**EXERCISE AIM**
In the data below, the answer is the run of lines from the line containing "LA RECONQUISTA EN" through the line containing "I am Krishna", both included; print it exactly and nothing else.

**INFORMATION**

======

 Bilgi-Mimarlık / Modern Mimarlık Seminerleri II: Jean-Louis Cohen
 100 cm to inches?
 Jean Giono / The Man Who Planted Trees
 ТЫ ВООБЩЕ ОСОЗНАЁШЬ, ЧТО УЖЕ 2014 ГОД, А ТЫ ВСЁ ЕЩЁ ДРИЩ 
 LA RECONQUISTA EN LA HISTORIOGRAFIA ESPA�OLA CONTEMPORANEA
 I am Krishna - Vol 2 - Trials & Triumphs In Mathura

======

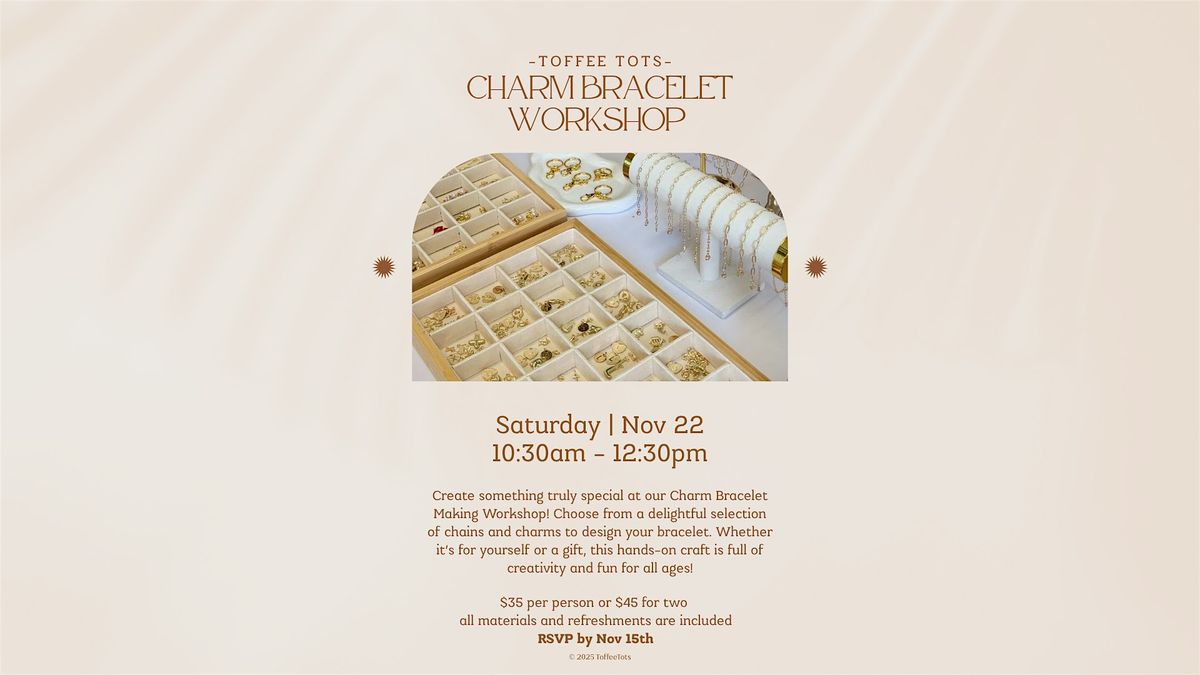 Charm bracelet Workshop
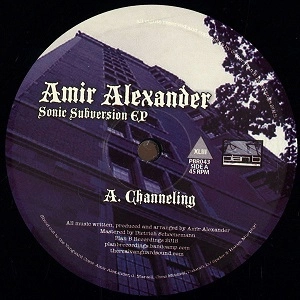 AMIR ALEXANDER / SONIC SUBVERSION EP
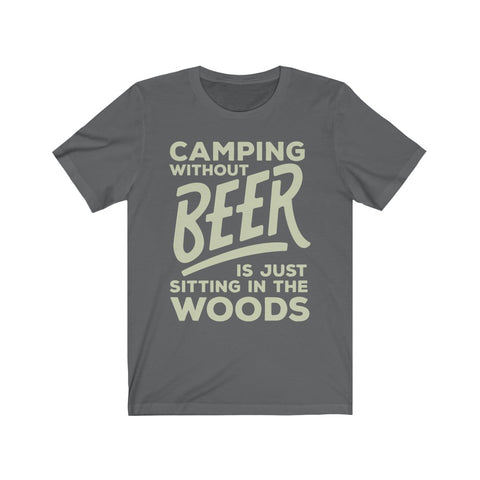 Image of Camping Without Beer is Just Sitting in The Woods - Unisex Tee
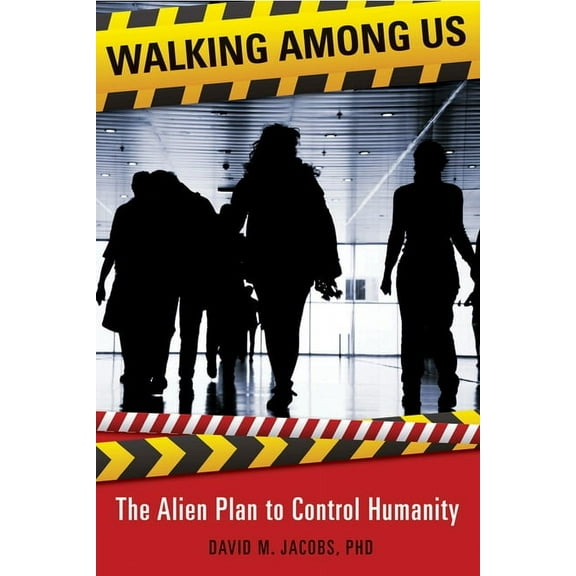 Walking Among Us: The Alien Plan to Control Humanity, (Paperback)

======

**FINISHED EXERCISE**
 LA RECONQUISTA EN LA HISTORIOGRAFIA ESPA�OLA CONTEMPORANEA
 I am Krishna - Vol 2 - Trials & Triumphs In Mathura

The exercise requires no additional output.